If the Muslim and the Arab worlds continue to be mobilized to protest on every small issue, those protests will continue to lose meaning and value. To put it simply, the more this happens, the less people will take the protests seriously.
Reactions to the current protests in the West range from sympathy with Muslim/Arab protestors to disdain. Some go so far as to say that the protests prove that Islam is an unreasonable religion and that the Arab region is essentially uncivil.
The people who proliferate this idea are not of concern to me for they are sufficiently displaying their own intellectual extremism and are unswayable.
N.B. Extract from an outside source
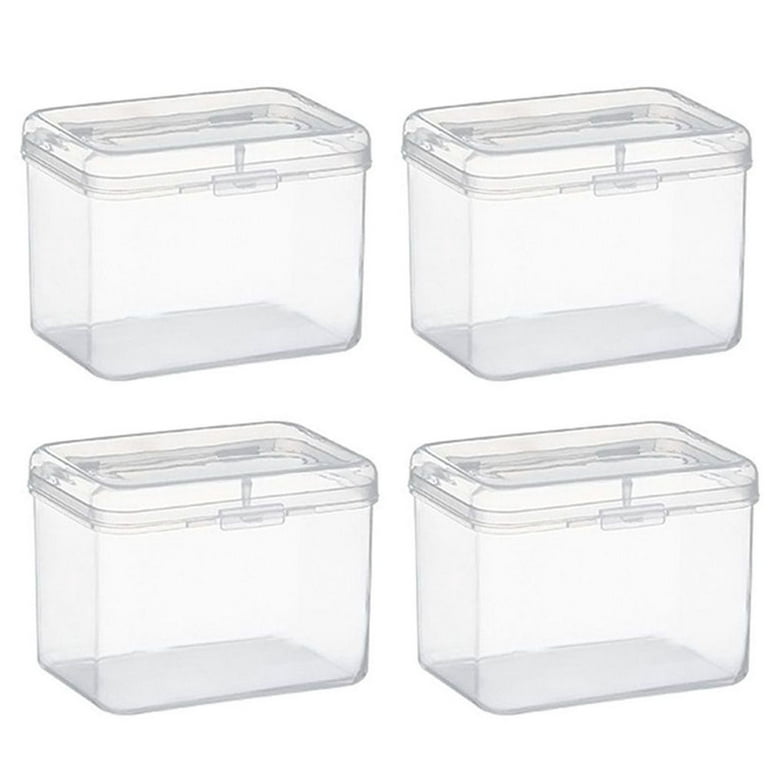 4 Packs Small Plastic Storage Containers, Clear Bead Organizer Case with  Lids for Crayons, Crafts, 9*6.5*6.8cm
My concern is that even the liberal and more tolerant segments are becoming less sympathetic and more numbed to what they perceive as the continued protests of a hypersensitive Muslim and Arab worlds.
The protests, and especially the actions of a few who burned churches among other violent reactions, will not win any hearts or minds in the West, but will have the contrary effect.
As an Arab Muslim I do think that we are hypersensitive. If someone says something offensive or in our view wrong, why can't we accept that and just move on? Why can't we accept that they are entitled to their opinion even if it is wrong? Even if we think it is inflammatory, why do we fail to seize the moral ground and instead somehow manage to produce the opposite perception?
The issue is not whether the Pope's speech was offensive or not, but whether the response was counterproductive. Additionally, it is not the people who are protesting who are at fault, but the media and other "influentials" who keep harping on the clash of civilizations who are really doing everyone a disservice.
Populations in the Muslim world live under continued economic, social, and political stress anyhow, which makes for easily agitated populations. Media gatekeepers and others in influential positions should know better than to manipulate them.
This concern is not restricted to Muslim commentators, for one cannot escape the commentators on CNN and FOX who use the argument that the unfortunate killing of the Italian nun or the burning of the churches proves that the Muslim religion is irrational and inherently violent, while reminding their viewers that there is indeed a clash between the civil and rational Western civilization and the irrational ways of the Muslims.
In the end the protests are not going to lead to anything and this by default is a negative result for the Muslim world because whenever there is a great mobilization that culminates in nothing, it indicates the powerlessness of the mobilized.
So what is the solution one may ask if one feels offended by the statements of the Pope? Well, how about a little statement sent to news agencies signed by various relevant high level institutions that explains that the speech was offensive to Muslim sensibilities and lays out exactly the reason why it was.
Or, how about sending a delegation to meet the Pope to discuss those remarks, and trying to attract the media to this meeting.
Perhaps the best response would have been not to make a big deal of the issue particularly when making such a big deal will not benefit anyone, but rather creates an environment that empowers extremists on both sides.